Prints by Walton Ford

November 3, 2009 - March 31, 2010

National Academy of Sciences2100 C St., N.W., Rotunda Gallery

Free. Photo ID required.

Click here to read the essay "Ornithology + Allegory: The Work of Walton Ford" by Barbara Larson.

In his paintings and prints, Walton Ford references the nineteenth-century illustrations of naturalists such as John James Audubon, while adding his own modern-day twist. His beautiful images of flora and fauna are complex narratives, wryly critiquing colonialism, industrialism, politics, and our relationship with the environment. The four limited-edition prints on view at the NAS are part of a larger set exhibited at the Whitney Museum of American Art in 2005.

Walton Ford has had a strong interest in art and the natural world since childhood. A graduate of the Rhode Island School of Design, he is the recipient of several national awards and honors including fellowships from the Guggenheim Foundation and the National Endowment for the Arts. His first major one-man show was at the Brooklyn Museum in 2006. After living in New York City for more than a decade, Ford and his family have settled in the southern Berkshire Mountains of Massachusetts.
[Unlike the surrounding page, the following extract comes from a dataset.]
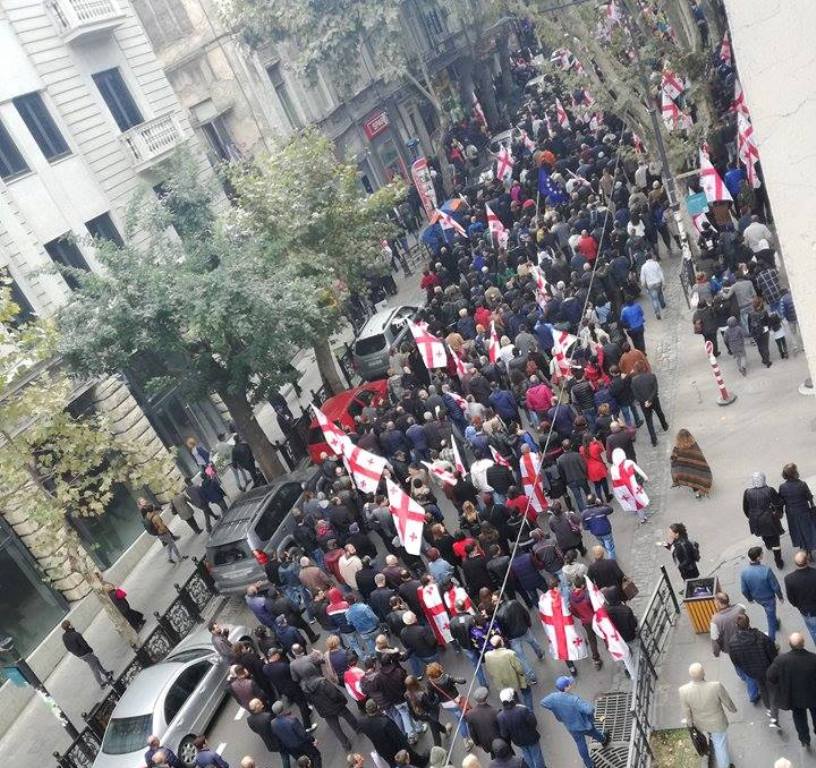„აქ ცხოვრობს ამ ქვეყნის მთავარი ფაროსანა“ - ენმ-ის აქცია ივანიშვილის რეზიდენციასთან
More about the image at left:

Once numerous, the brightly-colored Cuban red macaw is now extinct. Walton Ford’s solitary, splendidly feathered macaw sits on a branch, beset by pesky flies and surrounded by various traps to capture him. The clue to the allegory is the title, “La historia me absolvera” which means “history will absolve me.” This was Fidel Castro’s final statement in a lengthy declaration against the abuses and corruption of the Batista government, delivered in 1953 as his self-defense during a secret trial after the failed attack on an army barracks in Santiago, Cuba. Sentenced to fifteen years in prison, Castro was released two years later under a general amnesty for political prisoners; four years after that, Batista fled as Castro’s forces seized Havana. Attempts to oust Castro by force or assassination in the early 1960s failed. Ford here illustrates these attempts to unseat Castro as flies and traps, and adds a text about bomb-rigged seashells and a fungus-impregnated diving suit. But only the future will answer Castro’s defiant statement of 1953.